Per favore niente Expo politically correct

Preferisco la colata di cemento. Accantonato il tormentone su «fondi» e «poteri», l'incerto bastimento dell'Expo ora naviga nelle insidiose acque dei «contenuti». In sostanza, ci si chiede, se il tema è «Alimentare il pianeta», come lo affrontiamo, come lo presentiamo al mondo e ai presunti 30 milioni di visitatori? Se ne è parlato alla due giorni di Stati Generali sull'Expo al teatro Dal Verme. L'impressione è che abbiamo finito per prevalere i soliti temi del politicamente corretto, con tutta la loro vaghezza e indeterminatezza: lo sviluppo sostenibile, l'ambiente, il verde, la solidarietà, l'integrazione, il welfare, la cultura e piste ciclabili ovunque. Il tutto naturalmente a misura d'uomo e perfino di bambino. Nobili banalità accompagnate da una sola condivisa e perentoria certezza: no alla colata di cemento! Lo stesso tono e la stessa pendenza minimalista prende sempre il dibattito più generale sul futuro di Milano, il suo posto fra le metropoli europee, il suo ruolo in Italia e nel mondo: va bene tutto ma, per carità, assolutamente no alla colata di cemento.

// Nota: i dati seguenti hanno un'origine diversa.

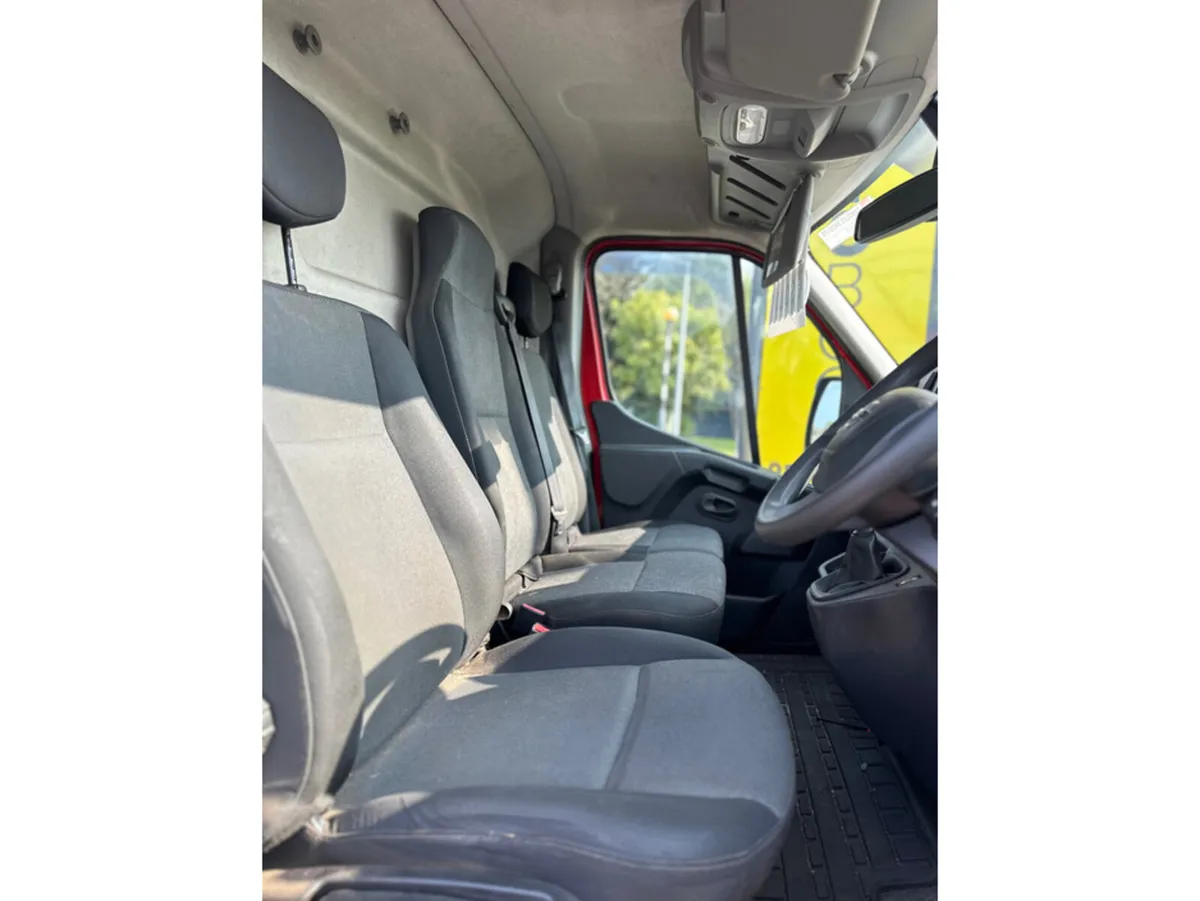 Nissan Interstar L3 H2 135 FWD CP MY2 MY22 3DR - Image 2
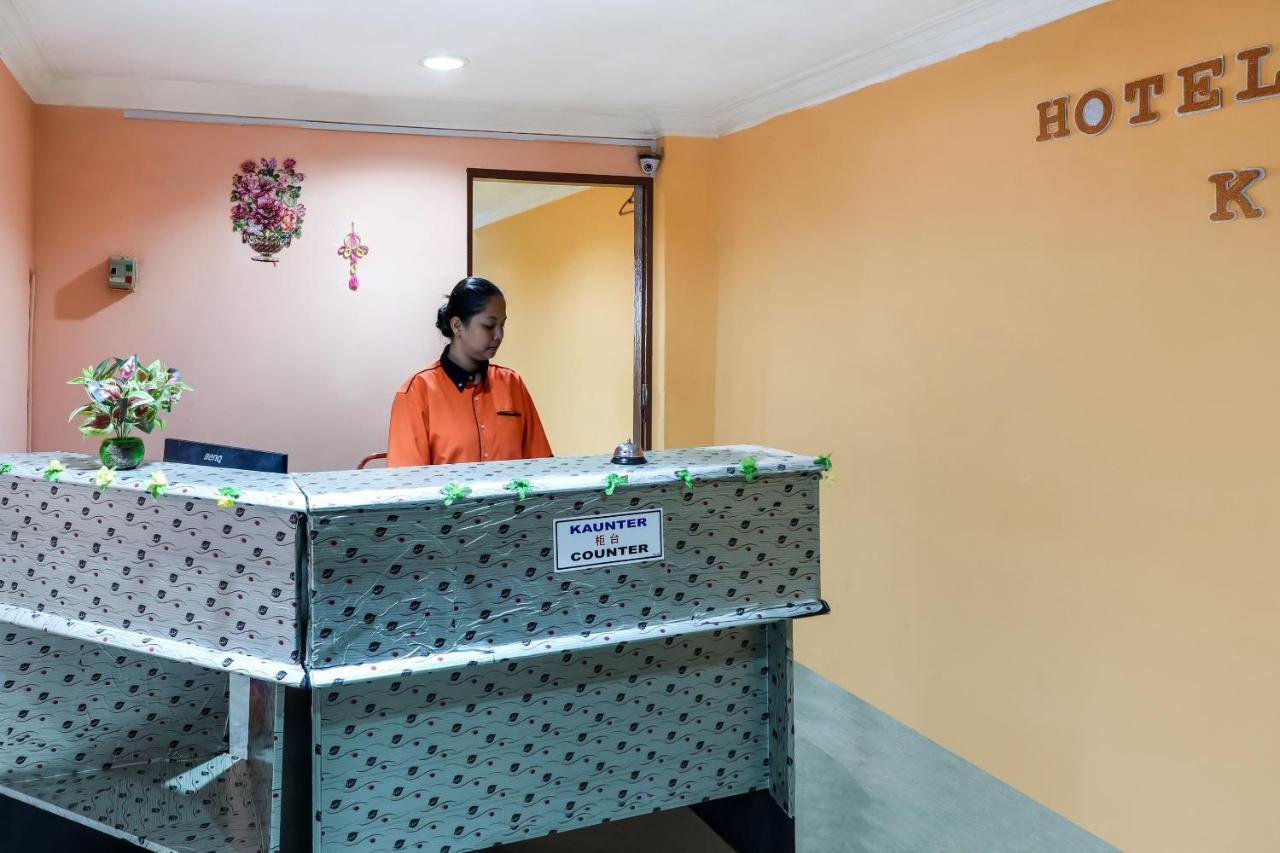 Oyo 89584 Hotel Sahara Kuala Kubu Bharu Buitenkant foto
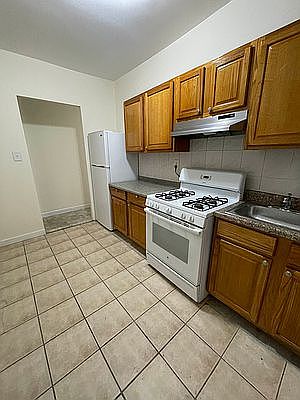 4th image of 600 W 139th St APT 3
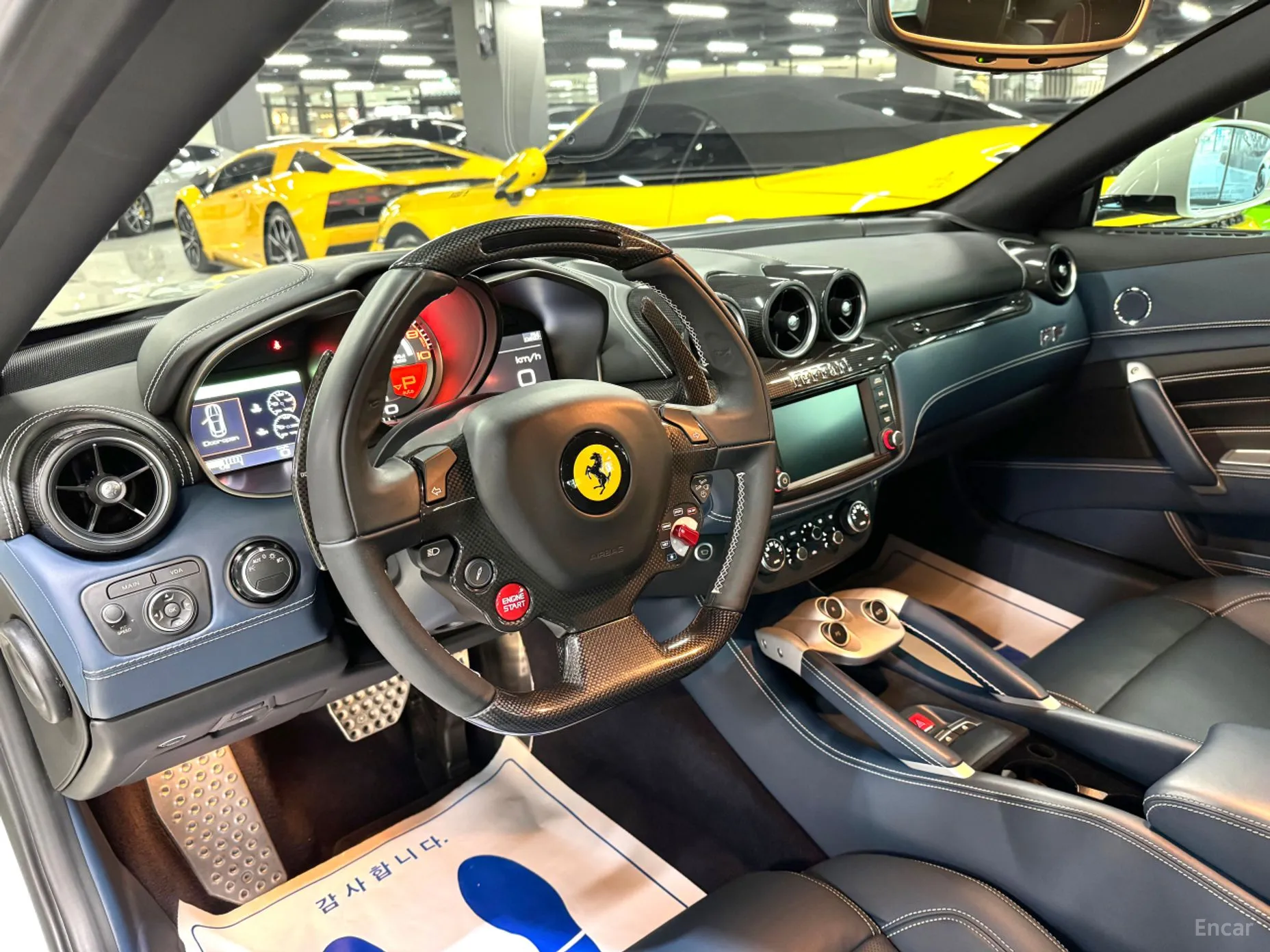 Ferrari FF превью 4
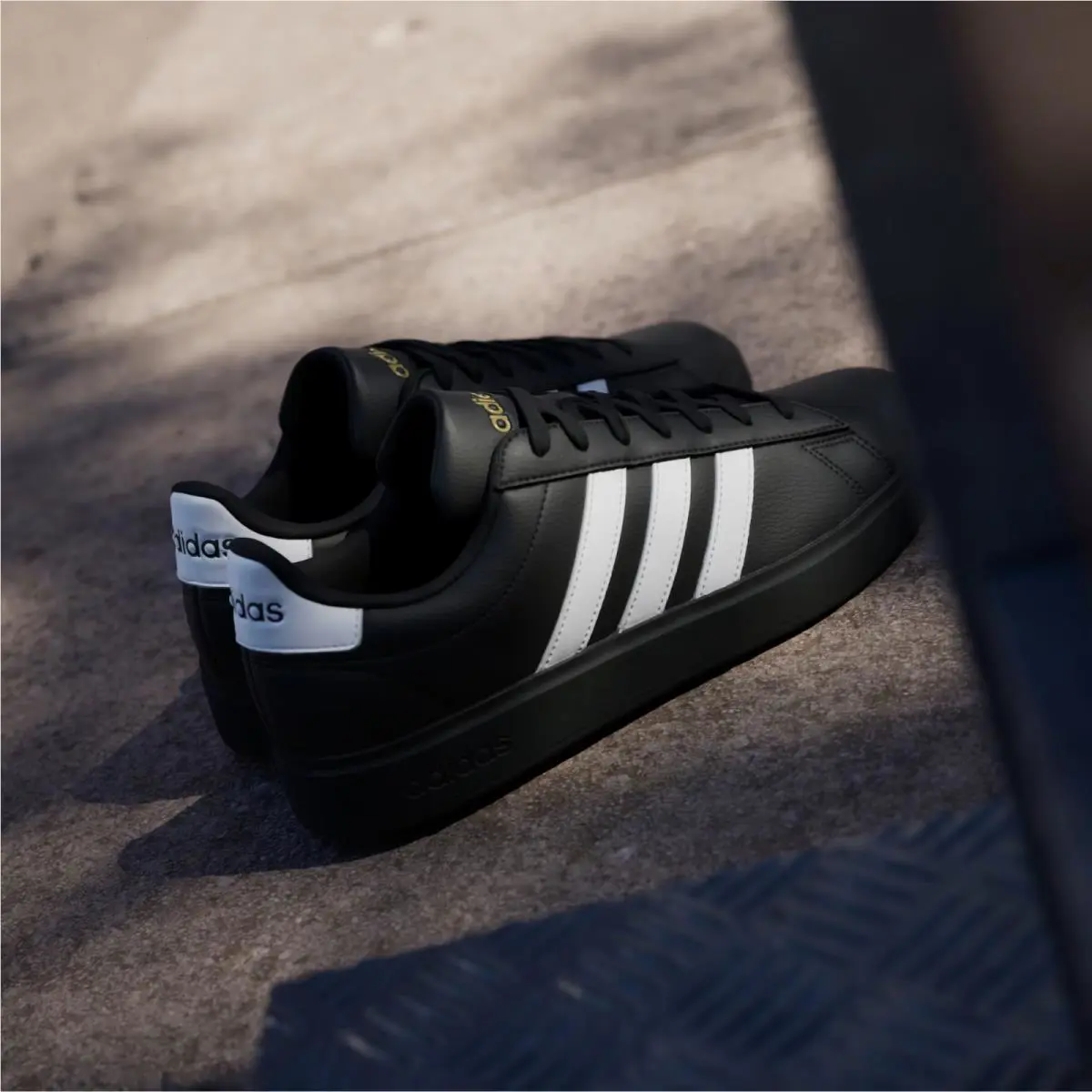 Adidas shoes - Black 2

Ebbene, la ragione principale per la quale ho esultato il 31 marzo dell'anno scorso quando il Bie di Parigi assegnò a Milano l'Expo del 2015 è stata di segno esattamente opposto: finalmente - pensai - dopo troppi anni di stasi e di pigrizia, la città si muove, cambia, costruisce, si ingrandisce, cresce. Battendo l'ideologia del «non si fa, non si tocca», liberandosi dei troppi vincoli, veti e pastoie burocratiche-amministrative-giudiziarie, in barba ai paralizzanti pregiudizi pseudo-ambientalisti, ridicolizzando l'ideologia del «piccolo è bello e povero è ancora meglio». Qualcuno forse avrebbe dovuto spiegare al pubblico del Dal Verme e agli intellettuali, architetti, scrittori e sociologi impegnati nel dibattito sulla città che Milano non è Pavia o Novara. Che ha una funzione e una missione storica diversa e che perciò deve crescere. Cioè accogliere la colata di cemento.

La vera malattia di Milano oggi è questa: una parte della popolazione, minoritaria ma rumorosa, pensa di vivere (preferirebbe vivere) non in una metropoli internazionale ma in un tranquillo borgo di provincia. Ebbene, una Milano così non serve al Paese e neppure ai milanesi. Perciò io al minimalismo preferisco la colata di cemento.